Envisageons momentanément l’aspect politique de la question soulevée par le documentaire sur les
compagnies pharmaceutiques. Le gouvernement ne peut pas laisser aux seuls médecins la
responsabilité éthique de résister aux charmantes voix des sirènes pharmaceutiques. Le
gouvernement a la responsabilité d’investir dans la recherche médicale. Dans ce domaine,
l’expérience nous montre que tout vide laissé par le secteur public est aussitôt occupé par le secteur
privé. Les mécanismes de contrôle sont assez difficiles à gérer lorsqu’il s’agit du secteur privé. Un
gouvernement ne peut réduire les impôts à l’infini et promettre en même temps que le bien commun
ne s’en portera que mieux. En tant que citoyens, le devoir éthique qui nous incombe est de participer
aux décisions politiques qui affectent note quotidien.

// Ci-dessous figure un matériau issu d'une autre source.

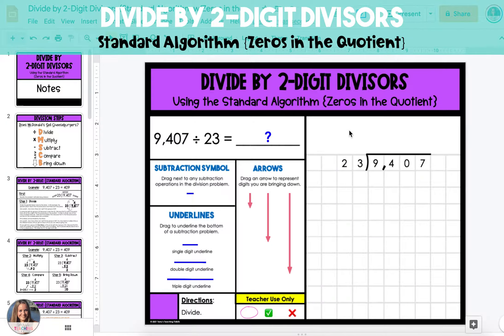In this video, I'm going to show you how to divide whole numbers by two-digit divisors using the standard algorithm, where there are zeros in the quotient. Remember to use the long division steps: divide, multiply, subtract, compare, bring down.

Mais, à bien y penser, l’industrie pharmaceutique n’aurait pas tant de pouvoir s’il n’y avait pas une
demande inouïe pour les médicaments. Cette demande repose sur un concept de santé pour le moins
problématique. Tout se passe comme si la santé était un concept négatif: absence de douleur,
absence de maladie, absence d’idiosyncrasie. Cette négativité du concept fait problème.
Premièrement ce concept n’est jamais remis en question. On pourrait par exemple penser au concept
d’intégration harmonieuse des états, d’équilibre psycho-physique. On ne veut plus vivre la
souffrance et on est prêt à tout pour l’anéantir. D’où les énormes investissements dans les systèmes
de soins de santé, d’où les déficits spectaculaires engendrés par de tels investissements, d’où
l’épuisement des fonds publics, d’où la relève du secteur privé. Autrement dit, notre conception de
la santé est en train de nous plonger dans des eaux très troubles. Nous sommes tellement occupés
à faire en sorte que le bateau ne chavire pas, que nous n’avons pas le temps de penser que le
problème ce n’est pas le bateau, ce n’est pas la mer, ce n’est pas l’équipage, c’est la représentation
— fausse — selon laquelle tout voyage doit se dérouler sans pépins.
Le problème de fond, c’est la reconnaissance de notre condition humaine. Une condition marquée
par la finitude, par le passage du temps, par le désir et la souffrance qui l’accompagne. C’est
pourquoi les codes de déontologie ne peuvent pas à eux seuls régir nos rapports avec l’argent. Ce
n’est pas parce que on veut faire du bien que du bien en résulte nécessairement. Toute action
humaine est criblée d’impuissance. C’est la terrible réalité à laquelle tout code d’éthique est
confronté. Toute réflexion éthique, que ce soit sur l’argent ou sur autre chose, doit prendre cette
condition comme point de départ. L’éthique, c’est d’abord vivre les yeux ouverts.»